30 September 2014 defenceWeb (Reuters)

 

When a little-known group of Algerian militants beheaded a French tourist last week, they were not only lashing out at the West, but also staking an unmistakable claim in the shifting ground of jihadist power politics.

 

Herve Gourdel's murder by the Caliphate Soldiers, ostensibly to punish France for Western military strikes on Islamic State forces in Iraq, was testament to the pull now exerted by the al Qaeda-offshoot in the battle for the loyalties of jihadists.

 

A week before Gourdel was kidnapped and killed, the Soldiers' Algerian commander Abdelmalek Gouri, also known as Khalid Abu Suleiman, had split with al Qaeda's North African wing to support Islamic State, whose battlefield successes and declaration of a "Caliphate" in Iraq and Syria have stolen al Qaeda's thunder.

 

"It seems the mother organisation Al Qaeda in the Islamic Maghreb has taken a wrong turn, we can no longer follow their guidance," the Caliphate Soldiers announced.

 

By executing a Westerner under the "new shield" of Islamic State, Gouri was challenging al Qaeda's ageing leadership under Ayman al-Zawahri, and specifically the AQIM chief Abdelmalek Droukdel, for recruits and support.

 

"This was a message to Droukdel: 'Your territory of influence and operations from now on will be ours'," said Algerian security analyst Khalifa Rekibi.

 

Droukdel's AQIM issued a statement calling for an end to divisions, but his authority had already been undermined by the veteran militant Mokhtar Belmokhtar, whose splinter group "Those who Sign in Blood" last year brazenly attacked Algeria's Amenas gas complex, where 39 foreign contractors were killed.

 

"Abu Suleiman is a well known AQIM commander.
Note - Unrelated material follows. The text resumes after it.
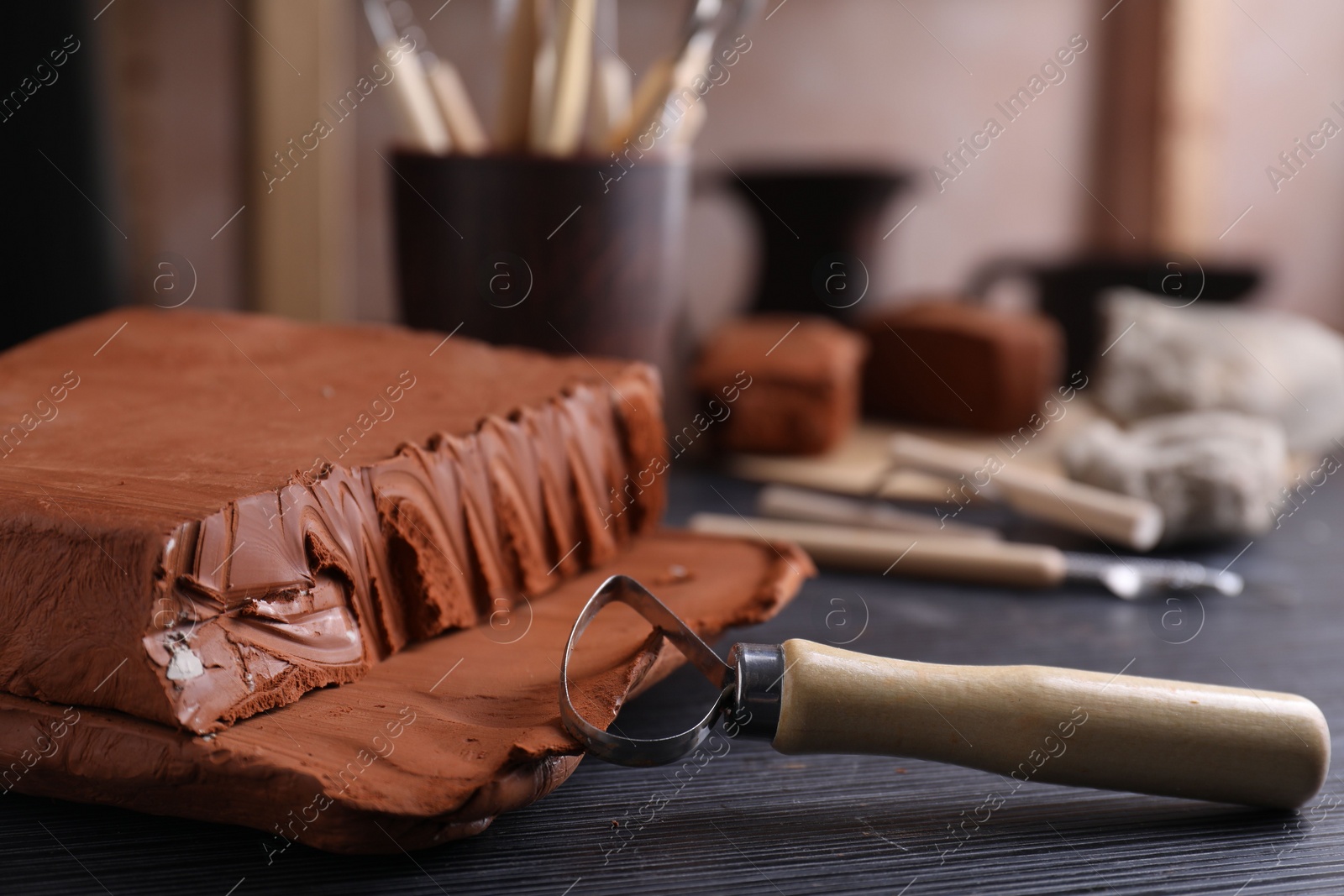 Photo of Clay and loop tool on dark gray wooden table in workshop, closeup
He wanted to follow Belmokhtar's path to set up his own armed group," said another Algerian security analyst, Anis Rahmani. "Sources say he clashed with Droukdel over how to pursue the fight."

 

VETERAN OF ALGERIAN WAR

 

Belmokhtar, an Algerian veteran of jihadist battles in Afghanistan who security analysts believe may be sheltering in southern Libya, has yet to declare his hand on the ascendancy of Islamic State.

 

Gouri is a former head of AQIM's central region who began his militant career in Algeria in the 1990s, in the war that followed the government's cancellation of an election that appeared certain to be won by the Islamist FIS party.

 

He was a member of the Armed Islamic Group, known by its French initials GIA: the most extreme of the Islamist guerrilla groups that sprang up to fight the army-dominated state.

 

Noted for attacking civilians whom it considered to be collaborating with the government, the GIA was blamed for massacres such as one in the village of Sidi Youssef, when at least 50 men wielding knives and machetes attacked homes, dragging people into the streets and slashing their throats.

 

But even with his GIA history, little is known about Gouri, or the size of his following, or the ability of his Caliphate Soldiers to carry out any sustained campaign.

 

Security experts say the group may number as few as 15 to 20 men from the core of AQIM, who have hardly had time to formulate a strategy and looked to benefit from Islamic State's rise.

 

Gourdel's abduction just two days after he arrived in Algeria to go trekking in the mountains, and the rapid release of a poor quality video and subsequent execution, suggest that Gouri's men had to react fast after perhaps getting a tipoff.

 

With Algerian helicopters, troops and gendarmerie flooding in to hunt for Gourdel, in what one local resident said looked like a "military invasion", the Caliphate Soldiers knew they would have little time to act.

 

"The video's quality and its mawkish symbolism seem to indicate a hasty gesture to jihadi Islam: Gourdel was a 'target of opportunity'," said Geoff Porter, a North Africa security analyst and researcher at the Countering Terrorism Center at the U.S. military academy at West Point.

 

"It will be important to watch the evolution of the quality of future communiques and the group's use of imagery in order to gauge the group’s development."

 

JIHADI RIVALRIES

 

For years, men like Gouri have held out in the inaccessible forested mountains east of Algiers, known during GIA's years of blood in the 1990s as the "Triangle of Death", refusing government amnesty offers and living off the kidnapping of businessmen for ransom.

 

But reviving any significant jihadist campaign in Algeria will be extremely tough for a small splinter group, given the army's deep experience in fighting Islamist militancy.

 

Against them is also a history of deadly infighting among Algeria's jihadist guerrilla groups that allowed the security forces to infiltrate their ranks and break them up.

 

That should be little consolation, however, to governments across North Africa and elsewhere being harried by rising Islamic militancy.

 

For one thing, the Caliphate Soldiers' high-profile act of slaughter may prompt an AQIM attempt to reclaim authority with attacks of its own.

 

"Competition will increase between both organisations," said Rekibi.

 

And then, by raising the profile of Islamic State at al Qaeda's expense in North Africa, already a major source of jihadist fighters travelling to Syria and Iraq, the Caliphate Soldiers' act could boost recruitment still further.

 

Neighbouring Tunisia is already fighting against Ansar al-Sharia and other Islamist militants holed up in the Chaambi mountains bordering Algeria. Both Tunisia and Algeria have seen several militant attacks on security forces in recent months.

 

"We knew that after the American intervention, we may face more kidnappings and maybe attempts on embassies," said one Tunisian security official. "Terrorists will try and give new life to their followers and try spectacular attacks."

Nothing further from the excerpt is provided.